Bem, eu tinha acabado de discutir com Flo
e não estava com vontade de me embebedar nem de ir a uma casa de
massagem. Então entrei no carro e segui para oeste, em direção à
praia. Estava anoitecendo e dirigi lentamente. Cheguei ao píer,
estacionei e caminhei por ali. Parei no fliperama, joguei um pouco,
mas o lugar fedia a mijo e acabei saindo. Eu estava velho demais para
andar no carrossel, então passei também essa atração. Os tipos de
sempre vagavam pelo píer... uma multidão sonolenta e indiferente.

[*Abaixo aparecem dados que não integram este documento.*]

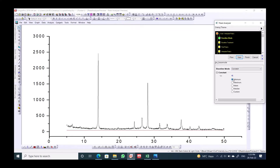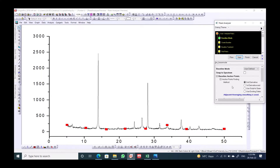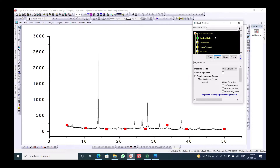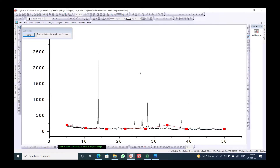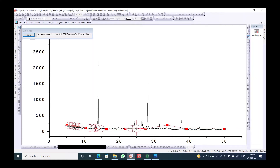Next, we have to define the baseline. If the baseline looks good you can keep it, but if you have a very low baseline you can use the User Defined Baseline option. After selecting that, click Next and add some baseline points — for example, add points like this and double-click each parameter.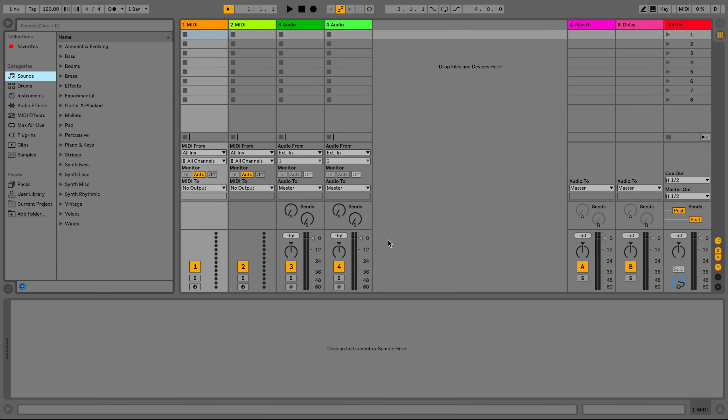Most MIDI devices that connect to the computer for you to input notes or for parameter control are usually class compliant. This means that they do not require drivers to be used once they're connected to your computer and Live 10 has been launched.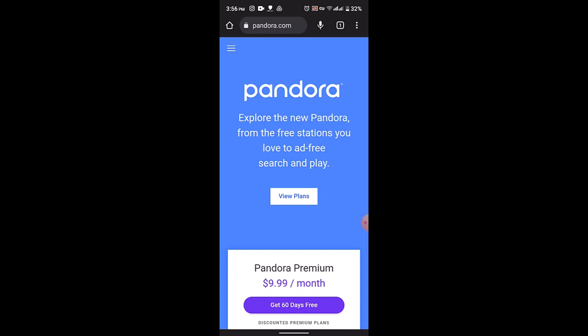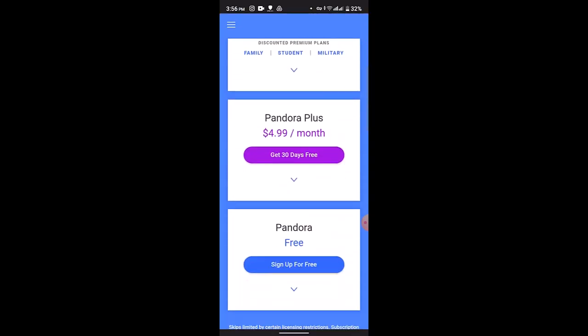In this way, you can change your offline station on Pandora. That is all for this video. I hope this was helpful. Make sure to like, share, and subscribe to our channel, and comment down below for any further queries. Thank you for watching — see you in the next video.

Foi quando notei um som de rugido vindo
de um prédio nas proximidades. Uma fita ou uma gravação, sem
dúvida. Na frente do local, havia um homem anunciando:
– Sim, senhoras e senhores, venham,
aqui dentro... nós realmente capturamos o demônio! Ele está em
exibição para que vocês possam ver com seus próprios olhos!
Pensem, por apenas 25 centavos, uma moeda, vocês podem realmente ver
o diabo... o maior perdedor de todos os tempos! O fracassado da única
revolução que já tentaram fazer no paraíso!
Bem, eu estava pronto para um pouco dessa
comédia, ao menos para compensar o que Flo me fazia passar. Paguei
os 25 centavos e entrei com seis ou sete outros idiotas de toda
espécie. Mantinham o pobre-diabo em uma jaula. Haviam-no pintado de
vermelho e ele tinha algo na boca que fazia com que, ao bufar,
pequenas colunas de fumaça e labaredas de fogo se erguessem. Não
estava fazendo um show lá muito bom. Estava apenas caminhando em
círculos, repetindo sempre a mesma coisa:
– Porra do caralho! Tenho que sair
daqui! Como infernos acabei entrando nessa?
Bem, preciso dizer que ele realmente
parecia perigoso. Subitamente, fez seis piruetas para trás. Na
última, caiu em pé, olhou ao redor e disse:
– Ah, merda, me sinto péssimo!
Então ele me viu. Caminhou direto para o
lugar que eu ocupava perto da tela de arames. Ele era quente como um
aquecedor. Não sei como fizeram isso.
– Meu filho – ele disse –,
finalmente você veio! Estive esperando por você. Trinta e dois dias
que já estou nesta jaula de merda!
– Não sei do que você está falando.
– Meu filho – ele disse –, não
faça piada comigo. Volte hoje à noite com um alicate para cortar
estes arames e me liberte!
– Não vem com essa merda pra cima de
mim, cara – eu disse.
– Estou aqui há 32 dias, meu filho!
Finalmente vou recuperar minha liberdade!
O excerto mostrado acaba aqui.